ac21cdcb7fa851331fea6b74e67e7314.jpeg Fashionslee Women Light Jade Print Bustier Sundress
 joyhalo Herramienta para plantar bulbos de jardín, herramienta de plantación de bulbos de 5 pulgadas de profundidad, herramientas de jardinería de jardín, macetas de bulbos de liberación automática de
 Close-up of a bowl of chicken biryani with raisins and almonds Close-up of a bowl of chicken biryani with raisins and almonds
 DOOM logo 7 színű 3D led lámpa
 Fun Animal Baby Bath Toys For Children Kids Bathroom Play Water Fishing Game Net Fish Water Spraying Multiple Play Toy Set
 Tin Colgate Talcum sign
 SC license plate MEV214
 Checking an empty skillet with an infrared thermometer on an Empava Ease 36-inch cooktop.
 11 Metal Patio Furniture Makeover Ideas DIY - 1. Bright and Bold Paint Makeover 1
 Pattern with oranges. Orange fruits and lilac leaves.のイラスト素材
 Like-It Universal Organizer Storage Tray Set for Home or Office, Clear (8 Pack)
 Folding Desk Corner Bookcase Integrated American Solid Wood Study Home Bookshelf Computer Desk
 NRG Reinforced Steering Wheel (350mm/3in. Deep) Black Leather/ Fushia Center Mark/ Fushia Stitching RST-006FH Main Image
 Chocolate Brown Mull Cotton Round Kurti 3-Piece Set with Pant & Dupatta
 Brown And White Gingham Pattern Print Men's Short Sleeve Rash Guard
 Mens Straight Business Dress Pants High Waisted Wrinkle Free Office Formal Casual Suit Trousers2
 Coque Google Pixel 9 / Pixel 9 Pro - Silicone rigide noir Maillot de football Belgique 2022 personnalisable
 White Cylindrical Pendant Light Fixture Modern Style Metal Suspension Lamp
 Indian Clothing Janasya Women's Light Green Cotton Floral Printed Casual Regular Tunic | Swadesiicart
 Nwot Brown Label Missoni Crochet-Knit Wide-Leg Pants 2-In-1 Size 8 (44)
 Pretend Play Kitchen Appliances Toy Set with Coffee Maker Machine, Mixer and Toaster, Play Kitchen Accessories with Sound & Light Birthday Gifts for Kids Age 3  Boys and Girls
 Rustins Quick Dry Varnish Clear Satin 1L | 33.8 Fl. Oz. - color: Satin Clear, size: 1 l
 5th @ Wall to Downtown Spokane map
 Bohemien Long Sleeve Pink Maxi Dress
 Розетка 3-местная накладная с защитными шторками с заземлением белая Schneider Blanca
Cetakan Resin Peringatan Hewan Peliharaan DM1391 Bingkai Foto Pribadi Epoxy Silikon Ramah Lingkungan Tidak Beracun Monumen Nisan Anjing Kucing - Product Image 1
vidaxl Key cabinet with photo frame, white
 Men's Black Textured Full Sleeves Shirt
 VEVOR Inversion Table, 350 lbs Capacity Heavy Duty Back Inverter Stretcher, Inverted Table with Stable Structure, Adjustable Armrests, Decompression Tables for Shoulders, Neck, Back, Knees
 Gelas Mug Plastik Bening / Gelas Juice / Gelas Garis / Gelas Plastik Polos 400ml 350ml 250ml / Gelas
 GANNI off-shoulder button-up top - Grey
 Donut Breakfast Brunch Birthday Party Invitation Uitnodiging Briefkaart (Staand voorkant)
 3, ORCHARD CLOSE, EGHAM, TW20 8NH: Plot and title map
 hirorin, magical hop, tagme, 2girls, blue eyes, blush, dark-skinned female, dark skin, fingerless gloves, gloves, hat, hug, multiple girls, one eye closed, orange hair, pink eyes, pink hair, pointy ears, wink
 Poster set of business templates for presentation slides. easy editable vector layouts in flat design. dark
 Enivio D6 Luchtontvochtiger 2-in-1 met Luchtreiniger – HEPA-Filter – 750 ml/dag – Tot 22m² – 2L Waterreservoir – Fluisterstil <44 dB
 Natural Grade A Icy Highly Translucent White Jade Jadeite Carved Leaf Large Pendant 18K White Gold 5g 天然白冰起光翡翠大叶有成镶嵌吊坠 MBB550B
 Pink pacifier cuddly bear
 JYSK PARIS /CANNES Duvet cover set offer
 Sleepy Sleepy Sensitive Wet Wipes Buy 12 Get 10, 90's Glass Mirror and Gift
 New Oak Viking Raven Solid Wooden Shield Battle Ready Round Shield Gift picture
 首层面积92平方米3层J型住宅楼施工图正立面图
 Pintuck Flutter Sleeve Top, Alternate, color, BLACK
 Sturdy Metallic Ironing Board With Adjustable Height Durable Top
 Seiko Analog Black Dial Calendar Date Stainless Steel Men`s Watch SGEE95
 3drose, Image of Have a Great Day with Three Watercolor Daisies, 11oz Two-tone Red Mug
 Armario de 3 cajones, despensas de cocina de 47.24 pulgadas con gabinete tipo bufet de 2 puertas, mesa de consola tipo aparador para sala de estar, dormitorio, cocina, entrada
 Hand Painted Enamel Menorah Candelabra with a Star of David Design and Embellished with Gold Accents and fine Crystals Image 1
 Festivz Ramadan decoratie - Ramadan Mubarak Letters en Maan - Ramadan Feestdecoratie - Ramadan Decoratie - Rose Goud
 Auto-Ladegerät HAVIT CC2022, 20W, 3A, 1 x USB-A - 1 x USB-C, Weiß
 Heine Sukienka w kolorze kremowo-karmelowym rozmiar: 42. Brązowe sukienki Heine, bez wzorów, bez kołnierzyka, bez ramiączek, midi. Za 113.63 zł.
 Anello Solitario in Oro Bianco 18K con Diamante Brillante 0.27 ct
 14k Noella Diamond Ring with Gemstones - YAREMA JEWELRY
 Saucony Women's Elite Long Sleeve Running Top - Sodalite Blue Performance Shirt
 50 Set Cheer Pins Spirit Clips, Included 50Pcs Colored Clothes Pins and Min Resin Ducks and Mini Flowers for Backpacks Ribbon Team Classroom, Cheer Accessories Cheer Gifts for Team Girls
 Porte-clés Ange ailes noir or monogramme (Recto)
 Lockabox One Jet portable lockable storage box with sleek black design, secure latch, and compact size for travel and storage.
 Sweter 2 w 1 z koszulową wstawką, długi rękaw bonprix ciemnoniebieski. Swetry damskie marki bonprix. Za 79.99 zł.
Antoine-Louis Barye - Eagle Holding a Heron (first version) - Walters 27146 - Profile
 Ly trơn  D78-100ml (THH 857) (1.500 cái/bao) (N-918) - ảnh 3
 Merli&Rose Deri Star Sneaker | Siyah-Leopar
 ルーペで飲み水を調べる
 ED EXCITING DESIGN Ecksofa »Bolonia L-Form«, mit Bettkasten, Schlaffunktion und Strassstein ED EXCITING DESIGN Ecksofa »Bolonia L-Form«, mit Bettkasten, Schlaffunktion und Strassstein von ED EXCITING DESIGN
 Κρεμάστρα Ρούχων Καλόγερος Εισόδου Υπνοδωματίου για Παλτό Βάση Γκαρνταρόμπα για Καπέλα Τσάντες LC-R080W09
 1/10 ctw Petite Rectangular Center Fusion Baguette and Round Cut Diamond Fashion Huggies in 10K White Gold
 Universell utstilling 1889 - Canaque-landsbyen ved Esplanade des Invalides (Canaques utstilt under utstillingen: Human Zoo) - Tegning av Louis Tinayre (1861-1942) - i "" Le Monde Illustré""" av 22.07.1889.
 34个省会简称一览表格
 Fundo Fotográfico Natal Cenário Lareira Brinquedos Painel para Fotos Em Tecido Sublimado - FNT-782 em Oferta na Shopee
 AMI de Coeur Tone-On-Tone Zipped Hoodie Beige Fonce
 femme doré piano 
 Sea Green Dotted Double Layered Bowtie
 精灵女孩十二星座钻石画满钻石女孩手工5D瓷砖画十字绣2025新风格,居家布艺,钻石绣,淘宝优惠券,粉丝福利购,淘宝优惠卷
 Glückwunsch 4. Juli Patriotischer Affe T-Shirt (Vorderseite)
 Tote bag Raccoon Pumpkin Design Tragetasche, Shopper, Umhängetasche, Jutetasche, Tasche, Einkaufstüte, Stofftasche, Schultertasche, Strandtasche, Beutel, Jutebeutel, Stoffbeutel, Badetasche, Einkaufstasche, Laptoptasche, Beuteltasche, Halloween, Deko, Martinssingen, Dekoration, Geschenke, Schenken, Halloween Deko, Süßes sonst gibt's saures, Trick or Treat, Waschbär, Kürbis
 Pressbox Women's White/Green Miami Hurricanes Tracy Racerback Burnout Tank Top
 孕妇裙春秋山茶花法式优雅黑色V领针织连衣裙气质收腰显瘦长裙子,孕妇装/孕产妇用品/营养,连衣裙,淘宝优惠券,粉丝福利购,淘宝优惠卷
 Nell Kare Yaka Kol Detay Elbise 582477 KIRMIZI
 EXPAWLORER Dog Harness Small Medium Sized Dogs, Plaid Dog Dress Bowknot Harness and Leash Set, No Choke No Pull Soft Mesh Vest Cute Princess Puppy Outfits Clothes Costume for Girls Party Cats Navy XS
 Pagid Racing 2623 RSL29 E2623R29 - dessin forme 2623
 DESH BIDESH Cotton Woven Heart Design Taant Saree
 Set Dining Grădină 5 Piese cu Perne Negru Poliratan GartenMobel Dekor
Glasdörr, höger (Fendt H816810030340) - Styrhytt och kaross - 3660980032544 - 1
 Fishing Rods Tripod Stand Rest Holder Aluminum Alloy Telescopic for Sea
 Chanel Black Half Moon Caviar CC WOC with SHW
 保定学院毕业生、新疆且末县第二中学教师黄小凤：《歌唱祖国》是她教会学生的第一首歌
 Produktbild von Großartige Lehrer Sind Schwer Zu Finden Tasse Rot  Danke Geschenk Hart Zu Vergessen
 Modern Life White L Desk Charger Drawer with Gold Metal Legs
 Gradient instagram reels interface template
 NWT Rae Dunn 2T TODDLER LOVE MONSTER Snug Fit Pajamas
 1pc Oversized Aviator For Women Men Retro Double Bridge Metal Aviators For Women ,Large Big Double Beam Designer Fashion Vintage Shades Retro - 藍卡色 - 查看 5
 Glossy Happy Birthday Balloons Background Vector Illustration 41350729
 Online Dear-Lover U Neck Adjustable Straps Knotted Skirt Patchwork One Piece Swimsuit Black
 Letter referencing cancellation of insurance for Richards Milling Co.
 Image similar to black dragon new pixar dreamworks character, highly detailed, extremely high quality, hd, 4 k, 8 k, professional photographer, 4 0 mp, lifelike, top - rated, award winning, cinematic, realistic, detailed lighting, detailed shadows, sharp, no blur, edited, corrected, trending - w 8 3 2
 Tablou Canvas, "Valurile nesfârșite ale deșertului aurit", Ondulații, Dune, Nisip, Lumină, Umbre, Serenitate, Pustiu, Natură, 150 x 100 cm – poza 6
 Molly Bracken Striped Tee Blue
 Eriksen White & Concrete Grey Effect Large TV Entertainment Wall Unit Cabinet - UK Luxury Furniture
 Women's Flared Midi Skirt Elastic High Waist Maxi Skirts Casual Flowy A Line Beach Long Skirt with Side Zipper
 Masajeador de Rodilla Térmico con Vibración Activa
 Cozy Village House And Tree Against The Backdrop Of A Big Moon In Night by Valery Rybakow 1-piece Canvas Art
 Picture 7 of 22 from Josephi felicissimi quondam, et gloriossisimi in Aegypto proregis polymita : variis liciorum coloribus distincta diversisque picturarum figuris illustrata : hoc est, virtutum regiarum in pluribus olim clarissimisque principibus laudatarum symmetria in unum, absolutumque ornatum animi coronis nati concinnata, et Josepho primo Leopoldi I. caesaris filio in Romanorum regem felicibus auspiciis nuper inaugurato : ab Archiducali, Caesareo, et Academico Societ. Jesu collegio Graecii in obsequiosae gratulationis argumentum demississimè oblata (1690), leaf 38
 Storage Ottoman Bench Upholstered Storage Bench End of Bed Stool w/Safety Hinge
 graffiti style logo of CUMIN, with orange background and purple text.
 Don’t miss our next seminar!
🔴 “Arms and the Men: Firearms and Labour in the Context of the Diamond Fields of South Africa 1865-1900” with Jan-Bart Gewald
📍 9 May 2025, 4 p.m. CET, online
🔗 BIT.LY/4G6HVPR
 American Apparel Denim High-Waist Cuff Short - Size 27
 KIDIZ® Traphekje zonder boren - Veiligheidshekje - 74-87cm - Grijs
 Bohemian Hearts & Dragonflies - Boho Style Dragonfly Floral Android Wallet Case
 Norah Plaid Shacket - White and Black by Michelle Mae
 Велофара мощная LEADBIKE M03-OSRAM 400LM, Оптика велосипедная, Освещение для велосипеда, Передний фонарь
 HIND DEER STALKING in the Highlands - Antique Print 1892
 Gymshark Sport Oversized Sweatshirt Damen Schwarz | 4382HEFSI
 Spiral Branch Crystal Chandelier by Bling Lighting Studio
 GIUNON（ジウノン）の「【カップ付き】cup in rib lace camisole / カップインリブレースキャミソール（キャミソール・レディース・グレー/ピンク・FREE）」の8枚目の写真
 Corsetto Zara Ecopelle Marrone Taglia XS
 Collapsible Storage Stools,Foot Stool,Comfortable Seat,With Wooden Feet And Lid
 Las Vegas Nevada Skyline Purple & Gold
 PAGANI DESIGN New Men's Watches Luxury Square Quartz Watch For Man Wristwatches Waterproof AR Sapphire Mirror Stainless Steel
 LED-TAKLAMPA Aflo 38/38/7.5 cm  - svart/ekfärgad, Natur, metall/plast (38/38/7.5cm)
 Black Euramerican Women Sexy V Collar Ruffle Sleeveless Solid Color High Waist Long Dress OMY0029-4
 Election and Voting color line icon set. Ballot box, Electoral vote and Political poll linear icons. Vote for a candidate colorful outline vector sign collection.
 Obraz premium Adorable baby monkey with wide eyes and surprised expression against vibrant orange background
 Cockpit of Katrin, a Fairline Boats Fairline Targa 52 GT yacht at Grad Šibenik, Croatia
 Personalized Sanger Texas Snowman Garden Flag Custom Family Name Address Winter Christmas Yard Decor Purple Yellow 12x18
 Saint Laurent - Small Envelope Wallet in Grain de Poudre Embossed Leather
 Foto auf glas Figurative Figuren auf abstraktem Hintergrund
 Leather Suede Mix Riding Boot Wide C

**WHAT IS BEING ASKED**
Considering only the material above, set down every line from the one with "Κρεμάστρα Ρούχων Καλόγερος" to the one with "Pressbox Women's White/Green", inclusive, exactly as written.

**ANSWER TO THE PROBLEM**
 Κρεμάστρα Ρούχων Καλόγερος Εισόδου Υπνοδωματίου για Παλτό Βάση Γκαρνταρόμπα για Καπέλα Τσάντες LC-R080W09
 1/10 ctw Petite Rectangular Center Fusion Baguette and Round Cut Diamond Fashion Huggies in 10K White Gold
 Universell utstilling 1889 - Canaque-landsbyen ved Esplanade des Invalides (Canaques utstilt under utstillingen: Human Zoo) - Tegning av Louis Tinayre (1861-1942) - i "" Le Monde Illustré""" av 22.07.1889.
 34个省会简称一览表格
 Fundo Fotográfico Natal Cenário Lareira Brinquedos Painel para Fotos Em Tecido Sublimado - FNT-782 em Oferta na Shopee
 AMI de Coeur Tone-On-Tone Zipped Hoodie Beige Fonce
 femme doré piano 
 Sea Green Dotted Double Layered Bowtie
 精灵女孩十二星座钻石画满钻石女孩手工5D瓷砖画十字绣2025新风格,居家布艺,钻石绣,淘宝优惠券,粉丝福利购,淘宝优惠卷
 Glückwunsch 4. Juli Patriotischer Affe T-Shirt (Vorderseite)
 Tote bag Raccoon Pumpkin Design Tragetasche, Shopper, Umhängetasche, Jutetasche, Tasche, Einkaufstüte, Stofftasche, Schultertasche, Strandtasche, Beutel, Jutebeutel, Stoffbeutel, Badetasche, Einkaufstasche, Laptoptasche, Beuteltasche, Halloween, Deko, Martinssingen, Dekoration, Geschenke, Schenken, Halloween Deko, Süßes sonst gibt's saures, Trick or Treat, Waschbär, Kürbis
 Pressbox Women's White/Green Miami Hurricanes Tracy Racerback Burnout Tank Top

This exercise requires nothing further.